2. The composition of claim 1, wherein the additive comprises two or more of dimethicone, cyclomethicone, and amodimethicone.

3. The composition of claim 1 or 2, wherein the additive comprises dimethicone, cyclomethicone, and amodimethicone.

4. A composition according to any preceding claim, wherein the nanoparticles and/or microparticles comprise silica.

5. The composition of any preceding claim, wherein the topical composition comprises from about 5 to about 35 v/v% of thermally insulating nanoparticles and/or microparticles.

6. The composition of any preceding claim, wherein the topical composition comprises from about 2 to about 10 v/v% of an aminoterminal polydimethylsiloxane.

7. The composition of any preceding claim, wherein the topical composition comprises from about 5 to about 10 v/v% of cyclomethicone.

8. The composition of any preceding claim, wherein the topical composition comprises from about 4 to about 10 v/v% dimethicone.

9. A composition according to any preceding claim, wherein the nanoparticles and/or microparticles comprise a metal oxide.

10. A composition according to any preceding claim, wherein the nanoparticles and/or microparticles comprise an insoluble ionic salt.

11. The composition of any preceding claim, wherein the nanoparticles and/or microparticles comprise a polymer or resin.

12. The composition of any preceding claim, wherein the topical composition comprises from about 40 to about 80 v/v% of a base formulation.

13. A topical composition for protecting mammalian skin from surface heat transfer, the composition comprising:

a base formulation; and

one or more additives, the one or more additives comprising:

a silicone acrylate emulsion comprising about 30% of a blend of an acrylate/trimethicone-methacrylate copolymer anionic emulsion and laureth-1 phosphate.

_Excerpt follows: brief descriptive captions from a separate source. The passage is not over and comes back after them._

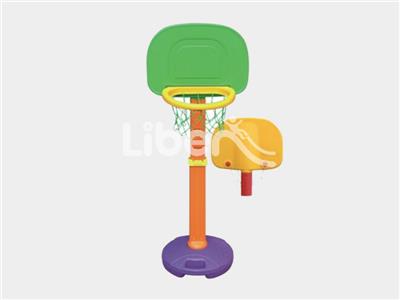 Kids Basketball Stand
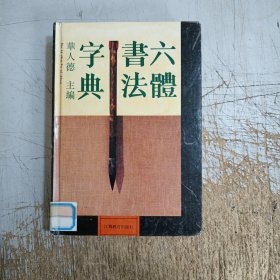 六体书法字典(封底有小破损，书边有图章，内页干净，其它见图)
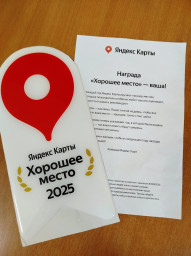 Награда "Хорошее место 2025"!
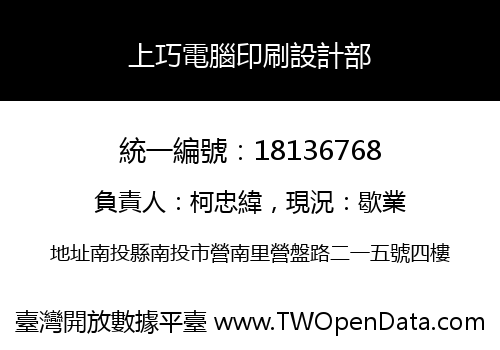 上巧電腦印刷設計部
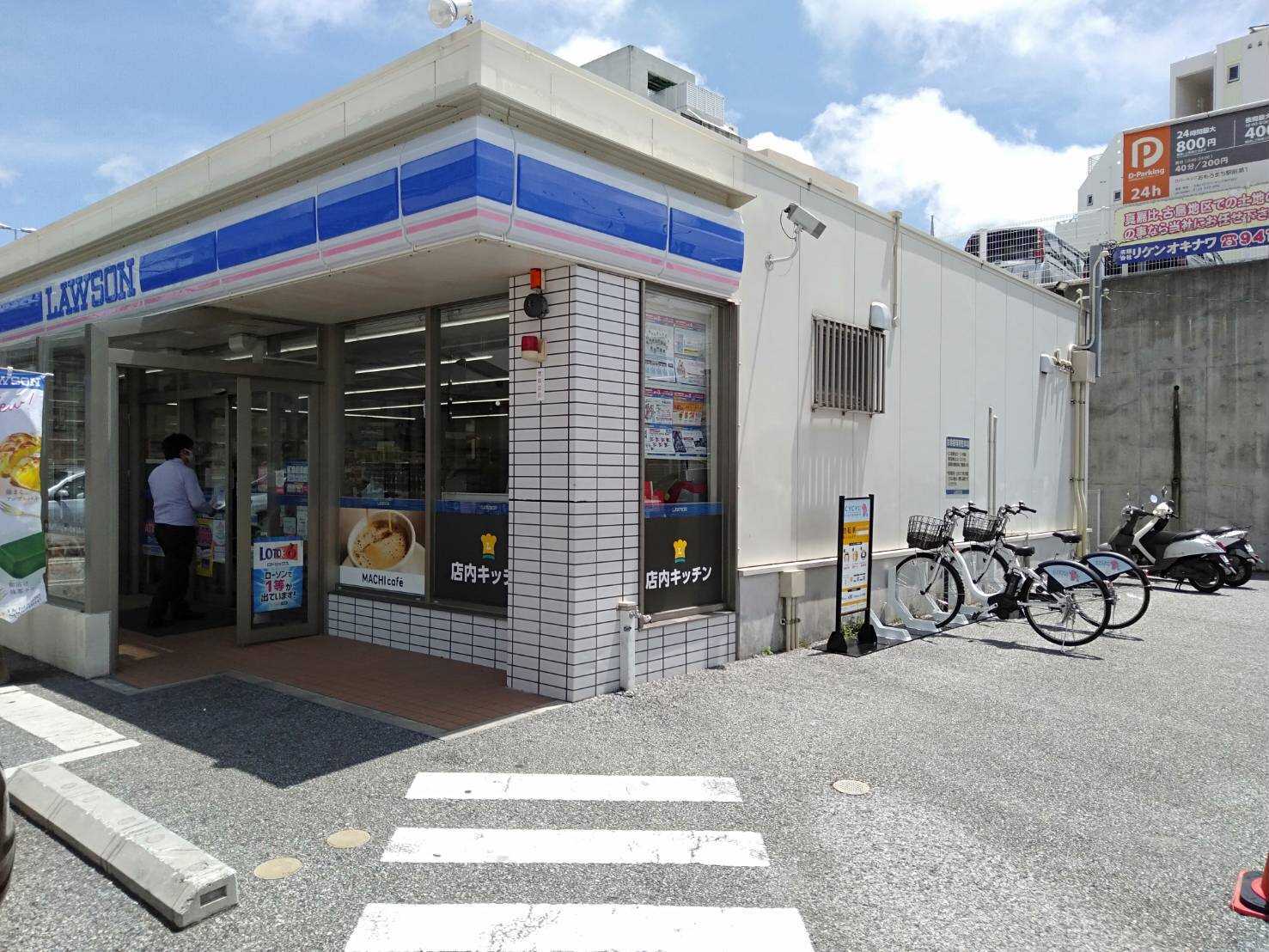 当時のメディア報道・掲載写真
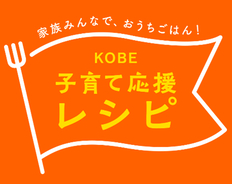 神戸の名店シェフと神戸市による、新たな「子育て応援レシピ」が完成！！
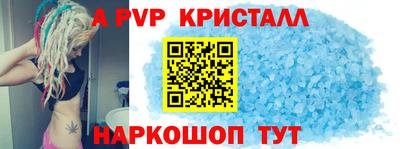 экстази Ливны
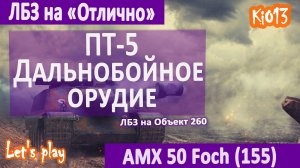 WoT - ЛБЗ на Отлично - Бой на AMX Foch 155 (ЛБЗ ПТ-5. Дальнобойное Орудие) Карта Огненная Дуга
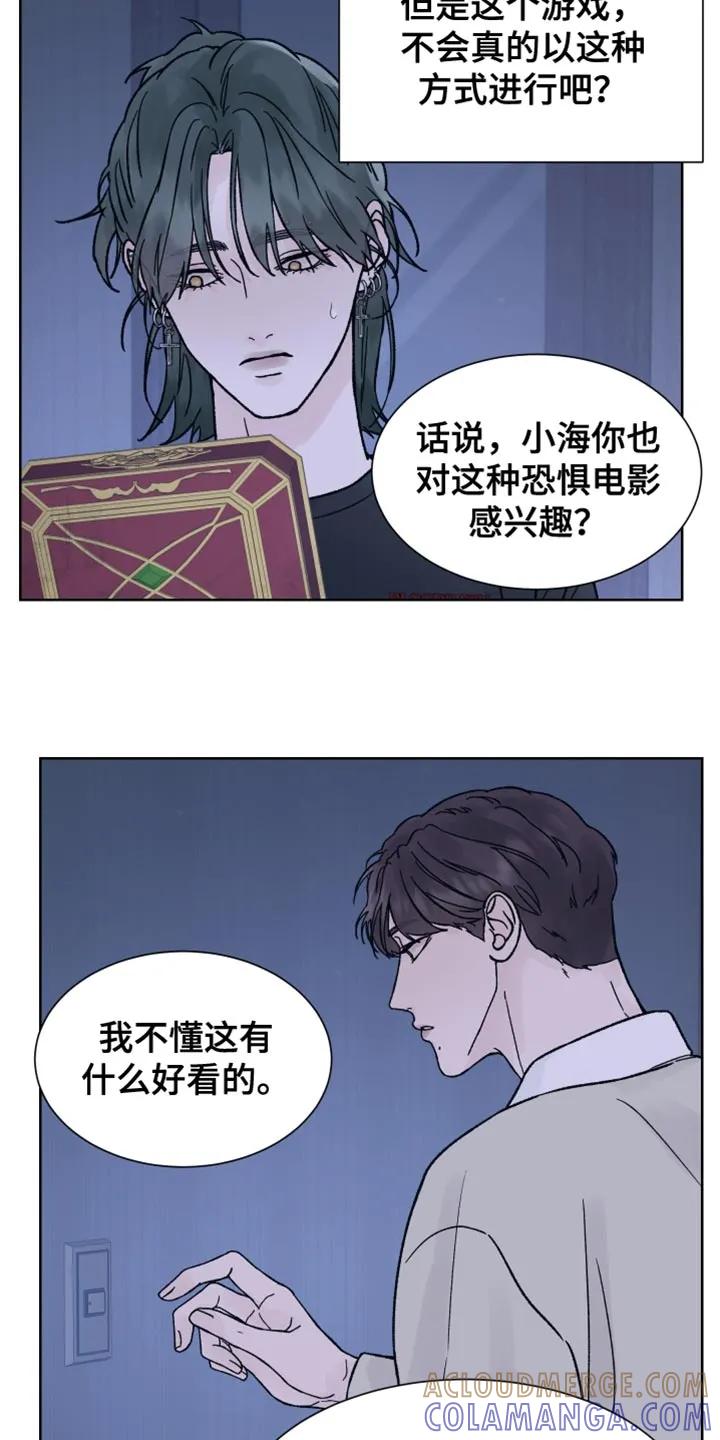 《狂夜追凶》第76章：【第二季】迷路 第3页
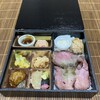秋田料理 わったりぼうず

14. The composition of claim 13, wherein the one or more additives further comprise nanoparticles and/or microparticles.

15. The composition of claim 14, wherein the nanoparticles and/or microparticles comprise silica.

16. The composition of claim 13 or 14, wherein the topical composition comprises from about 5 to about 35 v/v% of thermally insulating nanoparticles and/or microparticles.

17. A topical composition for protecting mammalian skin from surface heat transfer, the composition comprising:

a base formulation; and

one or more additives, the one or more additives comprising:

60% of a nonionic emulsion of a polydimethylsiloxane/vinyl copolymer having a viscosity at 0.01Hz of greater than 120X 10⁶mm²And/s, and contains C12-13Pareth-23 and C12-13 Pareth-3.

18. The composition of claim 17, wherein the one or more additives further comprise nanoparticles and/or microparticles.

19. The composition of claim 18, wherein the nanoparticles and/or microparticles comprise silica.

20. The composition of claim 17 or 18, wherein the topical composition comprises from about 5 to about 35 v/v% of thermally insulating nanoparticles and/or microparticles.